3、在application.yml中添加spark配置信息。
spark:
app:
name: yl
home: 127.0.0.1
master:
uri: spark://host03:7077
driver:
memory: 2g
worker:
memory: 2g
executor:
memory: 1g
rpc:
message:
maxSize: 1024
4、添加spark配置文件,将sparksession交由spring容器管理。
import org.apache.spark.SparkConf;
import org.apache.spark.api.java.JavaSparkContext;
import org.apache.spark.sql.SparkSession;
import org.springframework.beans.factory.annotation.Autowired;
import org.springframework.beans.factory.annotation.Value;
import org.springframework.boot.autoconfigure.condition.ConditionalOnMissingBean;
import org.springframework.context.annotation.Bean;
import org.springframework.context.annotation.Configuration;
import org.springframework.context.support.PropertySourcesPlaceholderConfigurer;
import org.springframework.core.env.Environment;
@Configuration
public class SparkConfig {
@Autowired
private Environment env;
@Value("${spark.app.name}")
private String appName;
@Value("${spark.home}")
private String sparkHome;
@Value("${spark.master.uri}")
private String sparkMasterUri;
@Value("${spark.driver.memory}")
private String sparkDriverMemory;
@Value("${spark.worker.memory}")
private String sparkWorkerMemory;
@Value("${spark.executor.memory}")
private String sparkExecutorMemory;
@Value("${spark.rpc.message.maxSize}")
private String sparkRpcMessageMaxSize;
@Bean
public SparkConf sparkConf() {
SparkConf sparkConf = new SparkConf()
.setAppName(appName)
.setMaster(sparkMasterUri)
.set("spark.driver.memory",sparkDriverMemory)

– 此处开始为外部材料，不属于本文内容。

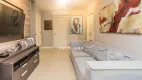 Foto 3 de Apartamento com 3 Quartos à venda, 122m² em Mont' Serrat, Porto Alegre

.set("spark.worker.memory",sparkWorkerMemory) //"26g"
.set("spark.executor.memory",sparkExecutorMemory)
.set("spark.rpc.message.maxSize",sparkRpcMessageMaxSize);
// .set("spark.shuffle.memoryFraction","0") //默认0.2
// .setMaster("local[*]");
return sparkConf;
}
@Bean
@ConditionalOnMissingBean(JavaSparkContext.class)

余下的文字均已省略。